As the country immersed in the celebrations of Dussehra on 12 October, a horrific incident of gendered violence took place in Madhya Pradesh’s Khandwa where a Dalit Woman was burnt alive for filing a complaint against molestation. The 19-year-old Dalit woman from a village near Khandwa was set on fire by the son of the accused man whom she had reported to police for harassment, local media has reported. The offender wanted to “take revenge from the woman for his father’s insult.” The woman succumbed to the fatal burns on 17 October. The horrific crime occurred days after she had registered a police complaint against a 48-year-old man who, according to her, had “attempted to force himself on her while she was alone on the farm.”
On Friday, his son infuriated over the complaint, barged into the woman’s house, poured petrol on her, and set her on fire. A local BJP leader Mukesh Tanve is reported to make outrageous statements blaming the victim and defending the accused man who is responsible for the immolation. Tanve claimed that “the woman had staged self-immolation due to fear, but the police is wrongly treating the case as a criminal act.”

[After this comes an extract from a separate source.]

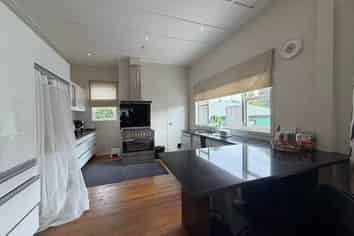106 Archers Road, Glenfield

BJP-ruled UP, MP see a record increase in atrocities on Dalits
The recurrent cases of abuse and violence are only indicative of a larger trend of caste-based violence against Dalit women in the country which in recent years has soared in states like Madhya Pradesh, Uttar Pradesh, and Rajasthan. The Hindi heartland states remain at the top in gendered violence with a high number of atrocities against Dalits and marginalised communities. All three states are governed by the Bhartiya Janata Party and were at the top in crimes and atrocities against the Scheduled Castes and the Scheduled Tribes in the year 2022 as per the NCRB data.